Sunday, May 19, 2013

ruin

I don't even know where to begin right now. That's probably why I have had this open for 15 minutes without starting to write anything. I just.... I have been doing pretty good lately. I think we all can agree on that. And Friday was fun and nice and stuff. And I was having a really good weekend, really tiring, but really good. And then you said that you and Sena are actually going to date here pretty soon. And then everything I had been doing my best to not think of so that I could be happy came pouring into my head. I think maybe that's my trick to my "success". I just push it out of my head. But then again is it really success if it means I'm not totally dealing with everything? I just.... it still really hurts. To think of you with someone else. Like I cry. I just... I don't know. I still wish it was me. I just... I don't know. My black hole has come back. Part of me is so sad but the other part of me is mad. At myself. Like just move on already. You know this is what's best right now. You know that if it's meant to be, eventually he will come back. But what if timing gets screwed up? What if things get screwed up? I don't know. Anything is possible. Maybe once they start dating he will realize he wishes it was me. Or maybe not. I don't know. When I get like this, sad, my self confidence greatly deteriorates. Like, the rest of the time, I am usually pretty good about telling myself that I'm pretty great and that I'll be good enough and all that. But right now I feel like I'm 2 inches tall. I hate feeling like this. Although sometimes I think I need these crying cleansing sessions every once in a while just to get it all out so that I can be good the rest of the time. ...............once we are both single again, and have a chance... I really hope we pounce on that chance. I mean, if it works out that we get a chance again, I think we need to take advantage of it. Because who knows, maybe that is fate stepping in, telling us we should be together. And I think that if we do date again, whenever that could be, I think we would be better than ever. And we were already pretty great.
I think this is why falling in love when you're so young is so hard. Life is just beginning and we need time to explore and wander. Which hurts. Especially when you're the one forced into it. Sometimes I wonder about that. If we had met at like 20 instead of what, 14? We were so young. And we still are. And it sucks.
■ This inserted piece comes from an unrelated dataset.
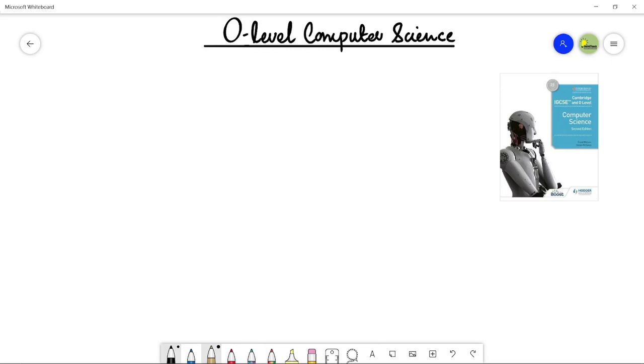Assalamu alaikum students, this is Farwa Batool, your O-level computer science instructor, and welcome to my channel Learn to Teach. In this video, we are formally going to start section number two of O-level computer science. I have earlier mentioned that section number two is more logical and a student needs more assistance in this particular section, so why not start with that.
And now I'm thinking about us and our great run, despite our rocky parts. We were so great. I want that again. I miss us.

And seriously, I really want to ask you about what you think is going to happen with stuff but I know you'll just say there's no way to know. Even though I know you know what is most likely to happen. Every event/string of events has it's own probabilities. I kinda wish you would share.

I definitely still need that heart to heart.

Oh and, I love you too. Sorry for not telling you before.

............I feel hopeless and hopeful at the same time.